I started my positions with YEA in September when I helped launch one of our programs at Unity Minnesota Internship Center (MNIC) in lively North Minneapolis. Yea Corps’ mission is to provide hands-on sustainable education to youth empowering them for life, education, and employment. This is what YEA has been gradually implementing at Unity MNIC students during this school year into the Spring.

The YEA Unity field trip to an aquaponics business in Minneapolis.

YEA program managers, including myself, arrive at Unity MNIC most every Wednesday. Usually we get to the school, greet our regular students at the entrance when they are hanging out and taking one of their breaks. Our program is based out of the top level of the school in the upper-class classrooms in a shared two room space. Students work in this space with teachers, scattered at different tables and working on various assignments, or taking one the required standardized tests. Students at Unity come from diverse backgrounds, and have the opportunity of alternative education at MNIC, where they are given flexible classes and assistance in getting their diplomas.

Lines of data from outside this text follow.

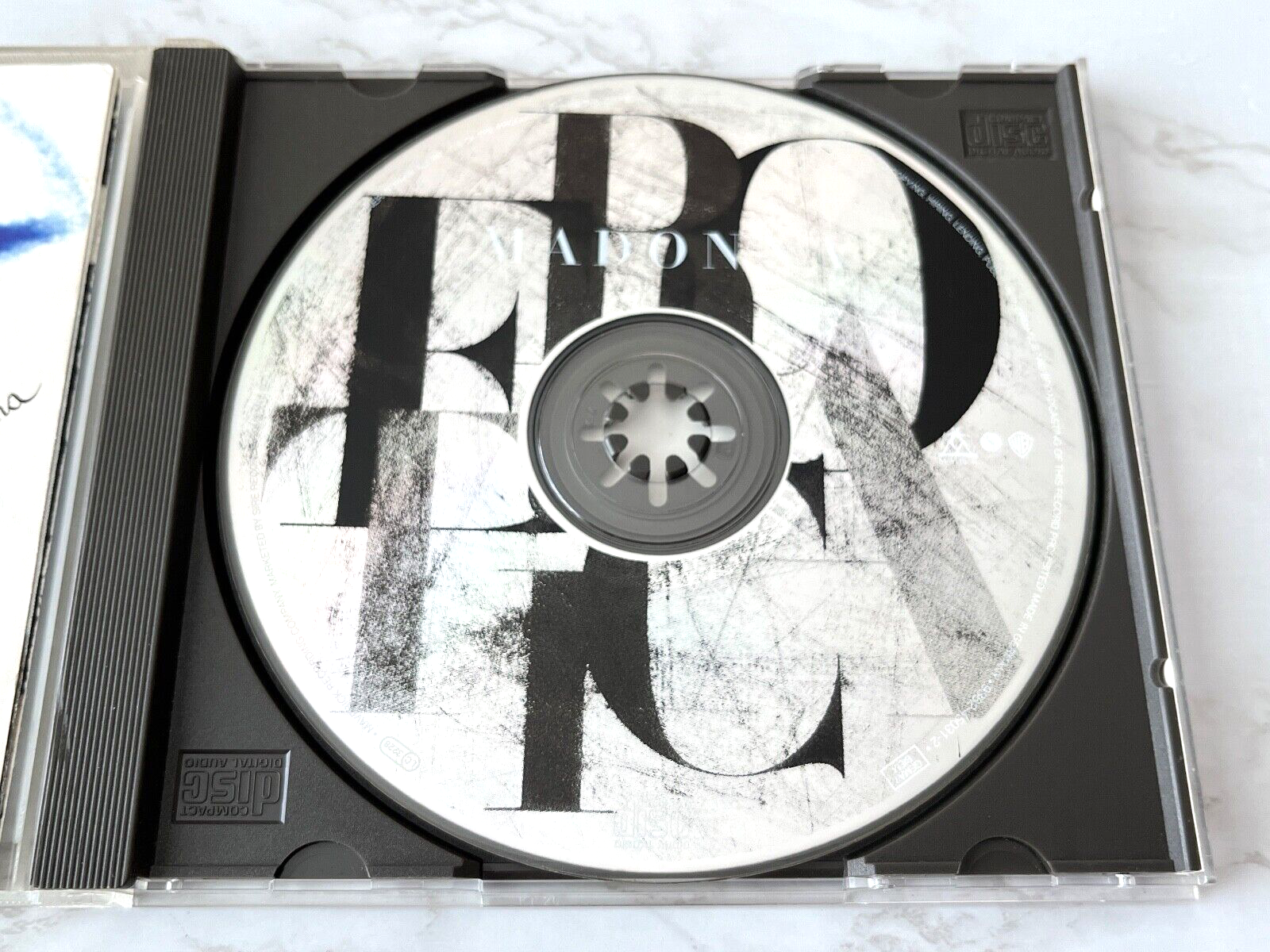 Madonna – Erotica (1992)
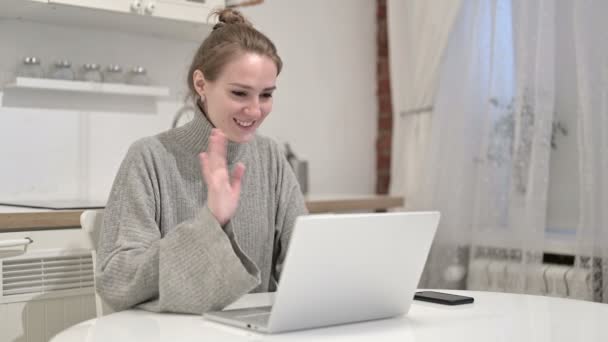 Veselá mladá žena dělá video chat na notebooku — Stock video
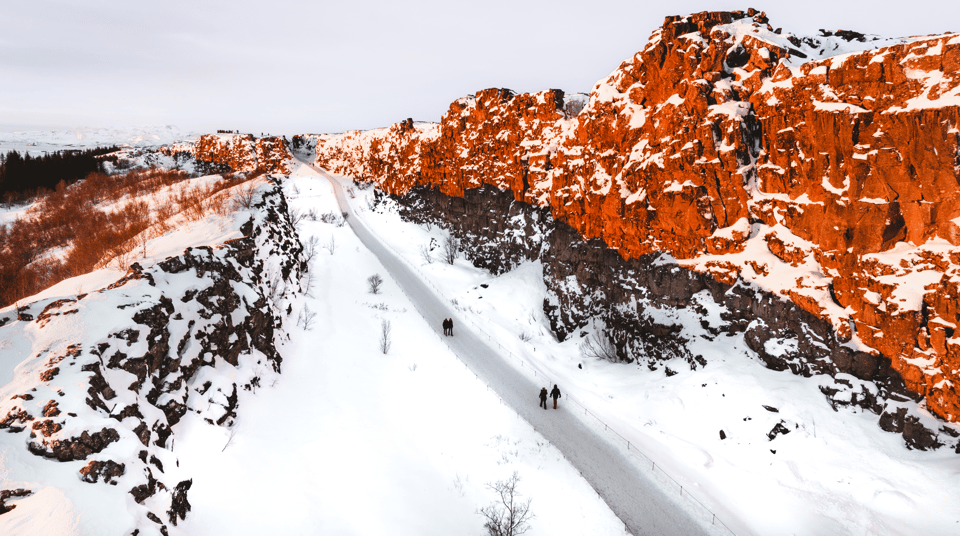 Reykjavík: Golden Circle and Silfra Snorkeling Combo Tour - Geysir and Strokkur: the geothermal show with real timing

The students are voting on a design for the aquaponics system for the classroom at Unity.

The YEA Corps program was implemented at Unity through a grant from Hennepin County Green Partners, to provide students with an experiential environmental education program. Thus far, participants of the project have learned about plant life cycles, producing fish and plants through aquaponics systems, and sustainable entrepreneurship; they have planted cilantro seedling, painted classrooms, and constructed biofilter stands. All of these activities are directed towards the production of fresh and local vegetable and Tilapia fish onsite in the classrooms, to then be distributed to the North Minneapolis community. Aquaponics is an agricultural system that integrates fish life in tanks that circulate water and nutrients into garden beds of vegetables and plants that benefit from nitrogen fixings form the fish.

Curtis and Joyce are painting the room where the aquaponics system will be built at Unity.

There are roughly thirty students active in the project who work in groups focused on business, marketing, construction and design, and sustainability. This group dynamic allows students to bring their own talents to the project and work on area they are interested in. Sebastion, Unity student, is putting his artistic talents to work by drawing designs of aquaponics systems for project planning. Thomas, another student, used to work construction and he finished off our project classroom with a coat of deep yellow paint in our last workday. Marlecia is part of the business team, and she brings her energy and focus on organization to help plan business ideas to sell the local and fresh food produced from aquaponics this Spring.

At Unity, students undergo challenged and disruptions due to family, economic, and life struggles, and some days it takes more energy to put those struggles aside to focus on school. I see the goal of this project at Unity as presenting these students with activities and opportunities in sustainability and entrepreneurship that they will be engaged in, energized by, and grow from.  For students to be managing aquaponics systems during their school day into the Spring and next year, caring for the Tilapia fish, planting, and harvesting vegetables and then distributing them to the local area. We’ll see where the year takes us.